Auswachsen zu ermöglichen müssen ebenfalls gegeben sein (CLEMENTS et al. 2009). Als erste haben Lundborg und Kollegen 1982 einen 10 mm langen Defekt im Transsektionsmodell des N. ischiadicus der Ratte mittels Silikonröhrchen überbrückt und damit eine axonale Regeneration zeigen können (LUNDBORG et al. 1982). Allerdings können mit einem impermeablen, inerten Material wie Silikon keine längeren Defekte überbrückt werden. Die Forschung konzentriert sich daher auf resorbierbare und semipermeable Interponate wie die Polyester Polyglykolsäure, Polylaktidsäure, Polylaktid-koglykolid oder Polycaprolacton. Diese synthetischen Materialien können in ihren chemischen und physikalischen Eigenschaften wie der Degradationsrate, ihrer Porosität oder ihrem Härtegrad dem Applikationsziel angepasst werden (SCHMIDT and LEACH 2003). Eine Reihe weiterer physikalischer Parameter des Interponat-Gerüstes beeinflussen zusätzlich den Erfolg der Regeneration. Hierzu zählen der Innendurchmesser, die Wandstärke, die Permeabilität und die Oberflächenbeschaffenheit der Innenwand (NAVARRO et al. 2003). Da diese Interponate allein jedoch nicht an die funktionelle Regeneration eines Autotransplantates heranreichen und auch in der maximalen Defektlänge, die sie erfolgreich überbrücken können, eingeschränkt sind, müssen die Interponate durch die Schaffung einer wachstumsfördernden Umgebung bereichert werden. Bellamkonda hat die Voraussetzungen, die für eine erfolgreiche Regeneration mittels biohybridem Nerveninterponat notwendig sind, zusammengefasst: 1. das Gerüst muss eine wachstumsfördernde Struktur aufweisen, z.B. ein Hydrogel oder Nanofasern, 2. es muss eine extrazelluläre Matrix mit ihren charakteristischen Proteinen vorhanden sein, 3. auch Gliazellen, wie z.B. Schwann-Zellen sind nötig, um eine wachstumsfördernde Umgebung zu schaffen, 4. und schließlich müssen neurotrophe Faktoren, wie der basische Fibroblastenwachstumsfaktor (FGF-2), NGF oder BDNF vorhanden sein (BELLAMKONDA 2006). Abbildung 1-2 zeigt schematisch ein solches ideales Nerveninterponat.
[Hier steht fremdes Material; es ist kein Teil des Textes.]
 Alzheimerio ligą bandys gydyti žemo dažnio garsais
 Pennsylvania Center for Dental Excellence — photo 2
proximaler Stumpf distaler Stumpf biohybrides Nerventransplantat gefüllt mit Hydrogel

Schwann-Zelle Neurotropher Faktor ECM-Molekül Nanofaser

Abbildung 1-2: Ideales biohybrides Nerveninterponat.

Das Gerüst besteht aus einem biokompatiblen, möglichst resorbierbarem Material und ist gefüllt mit einem Hydrogel. Darin sind Nanofasern in der Wuchsrichtung der Axone, gespickt mit Molekülen der extrazellulären

Matrix, Schwann-Zellen und neurotrophen Faktoren, um eine wachstumsfreundliche Umgebung für die auswachsenden Axone zu schaffen.